I had not seen the FDR memorial before, and it was pretty odd. It's a large area that has a caveman-type feel about it. There are a lot of rock piles, sprawling vegetation, and water pools. It looks like something a polar bear might be living in at a zoo.



I have seen the Jefferson Memorial many times (it's hard to miss if you drive anywhere in DC), but I can't remember being inside it. I'm sure there was a school field trip years ago, but who remembers that ancient history? There were only 5 people in sight; a massive difference from the overwhelming cherry blossom crowds.

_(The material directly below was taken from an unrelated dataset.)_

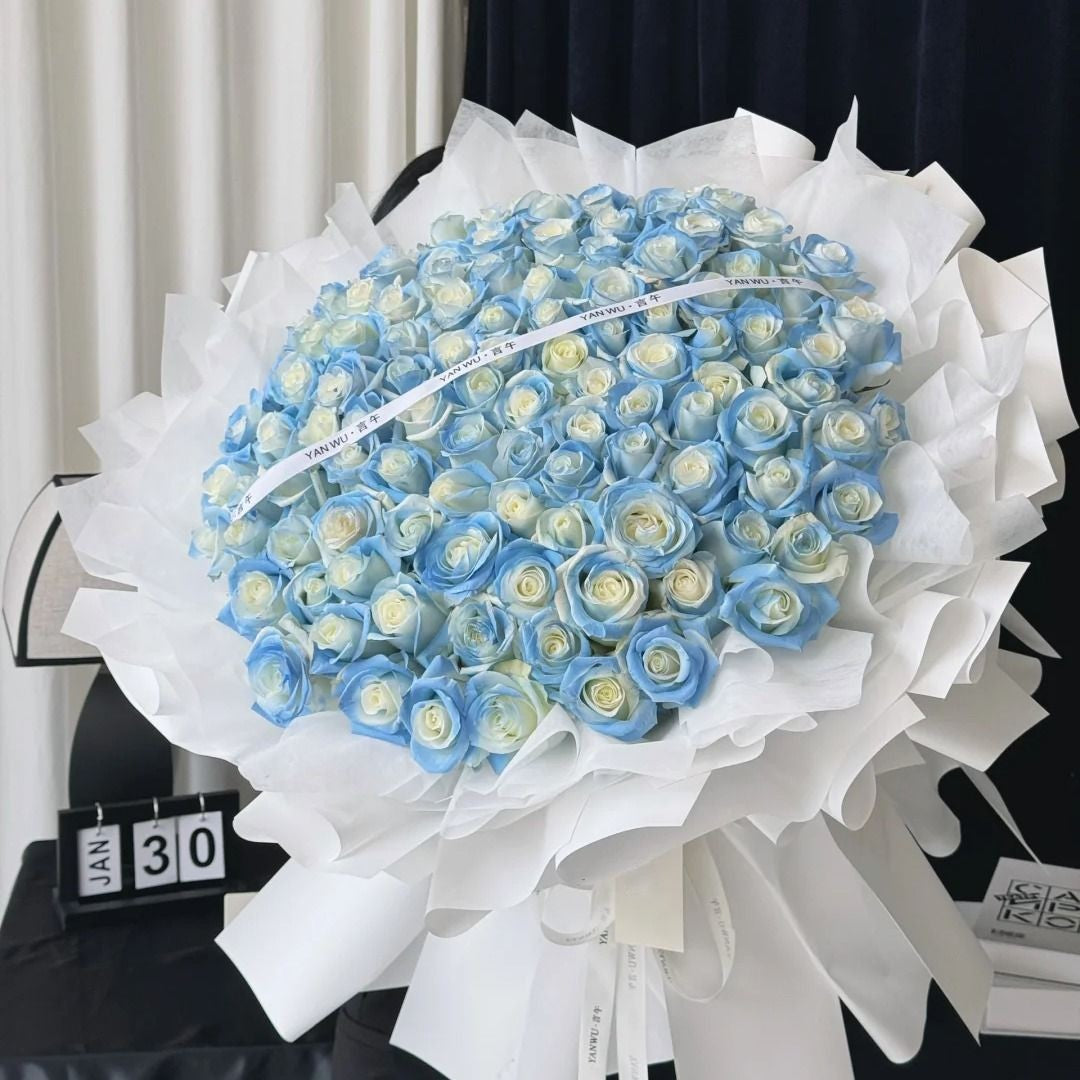 33/52/99 枝碎冰藍鮮花束|Blue Rose Fresh Bouquet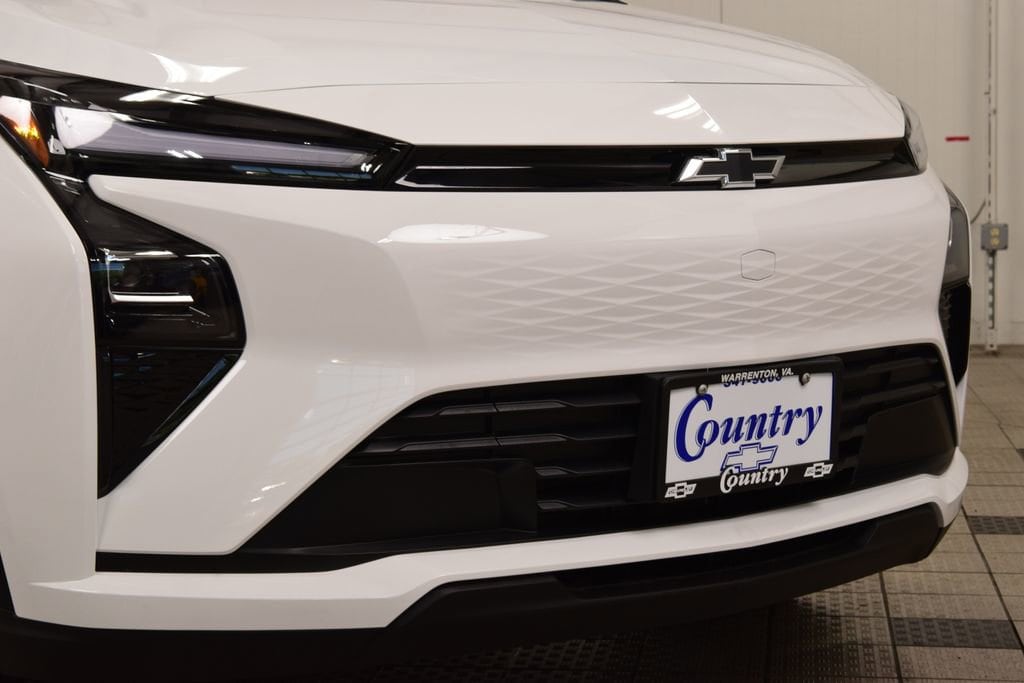 2027 Chevrolet Bolt LT - Photo 13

I love end-of-year and new year musings. Give me all the "year in review" and resolution posts! One format I saw and will steal here is:

Things I Started in 2020 That I Want to Continue

  1. Walking: In October I started going for a walk in the morning before I started work. This turned out to be a great way to get some time outside of the house, and replicate my commute with some space before sitting at a screen all day. It has been more challenging to make it out in the winter, but I plan to continue as long as it's above 30 degrees and not raining outside.
  2. Audiobooks: I've listened to a few audiobooks over the years, but was limited to easy-to-read thrillers or autobiographies that didn't require much attention. Somehow I finally trained my ear to listen to all types of books, and have had one book always on the go since the spring. Plus, it's great to be able to combine reading and knitting or walking. I read 81 books this year which is my all-time record.
  3. Minimizing ongoing projects: Even though I want to make all the things, I realized that having more than a few projects in the works at the same time stressed me out. I needed to get them off my to-do list instead of actually enjoying them. I'm going to refrain from starting any huge projects, like quilts (although I have 2 to finish), and focus more on little things that I can complete.
  4. Separation between work and home chores: I started working from home in March, like a lot of people, and it took quite some time (over 6 months) to work out a schedule. While at first it seemed easy to have laundry going throughout the day or clean the kitchen during my lunch break, the constant blending of work time and chores made me feel like I wasn't paying attention to anything. Now I keep laundry to the weekends and cleaning to after I finish up my work day.
  5. Reduce/eliminate social media scrolling and choose inputs intentionally: I have mentioned this before, but I hate the feeling of time disappearing while scrolling through social media, and then not remembering anything I've seen. I have unfollowed a lot of accounts on both Facebook and Instagram, and have added more blogs to Feedly instead. Now I go onto Instagram only for certain reasons, such as to look at other examples of patterns I am considering, or to get ideas for art. (Did you know that if you look at Instagram through your browser, there aren't any ads?)
Here is a photo from my walk this morning; it was in the 40s which is as good as you can get this time of year, in this climate. Goodbye 2020, and welcome 2021. Happy New Year, everyone!


Monday, December 21, 2020

Good Enough

This month I'm going for "done is better than perfect." No, I didn't get around to moving my camera photos onto my computer, so these pictures are from my phone. No, they are not in order because for some reason Blogger imported them most-recent first, and if I try to move them, they disappear. (Know that the sentences preceding this have now been sitting as a draft for 12 days. Moving on.)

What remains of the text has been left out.